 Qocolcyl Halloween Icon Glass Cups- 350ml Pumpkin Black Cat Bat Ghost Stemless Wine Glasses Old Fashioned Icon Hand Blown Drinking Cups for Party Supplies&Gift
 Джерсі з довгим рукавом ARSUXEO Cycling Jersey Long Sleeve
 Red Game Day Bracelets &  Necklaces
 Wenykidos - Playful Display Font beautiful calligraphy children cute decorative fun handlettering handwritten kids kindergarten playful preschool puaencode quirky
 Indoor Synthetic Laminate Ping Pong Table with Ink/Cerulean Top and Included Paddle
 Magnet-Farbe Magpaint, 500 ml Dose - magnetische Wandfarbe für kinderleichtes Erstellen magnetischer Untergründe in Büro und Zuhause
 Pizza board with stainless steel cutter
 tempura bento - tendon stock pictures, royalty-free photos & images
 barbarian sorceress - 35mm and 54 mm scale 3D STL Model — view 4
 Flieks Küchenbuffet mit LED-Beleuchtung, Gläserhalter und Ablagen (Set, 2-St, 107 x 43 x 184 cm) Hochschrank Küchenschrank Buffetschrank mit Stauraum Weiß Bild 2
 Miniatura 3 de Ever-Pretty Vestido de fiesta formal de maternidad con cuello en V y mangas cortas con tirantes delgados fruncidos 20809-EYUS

[EXERCISE DESCRIPTION] Please print, exactly and with nothing else, the lines from the first line of the entries through the line containing "barbarian sorceress - 35mm".

[SOLUTION TO THIS TASK]
 Qocolcyl Halloween Icon Glass Cups- 350ml Pumpkin Black Cat Bat Ghost Stemless Wine Glasses Old Fashioned Icon Hand Blown Drinking Cups for Party Supplies&Gift
 Джерсі з довгим рукавом ARSUXEO Cycling Jersey Long Sleeve
 Red Game Day Bracelets &  Necklaces
 Wenykidos - Playful Display Font beautiful calligraphy children cute decorative fun handlettering handwritten kids kindergarten playful preschool puaencode quirky
 Indoor Synthetic Laminate Ping Pong Table with Ink/Cerulean Top and Included Paddle
 Magnet-Farbe Magpaint, 500 ml Dose - magnetische Wandfarbe für kinderleichtes Erstellen magnetischer Untergründe in Büro und Zuhause
 Pizza board with stainless steel cutter
 tempura bento - tendon stock pictures, royalty-free photos & images
 barbarian sorceress - 35mm and 54 mm scale 3D STL Model — view 4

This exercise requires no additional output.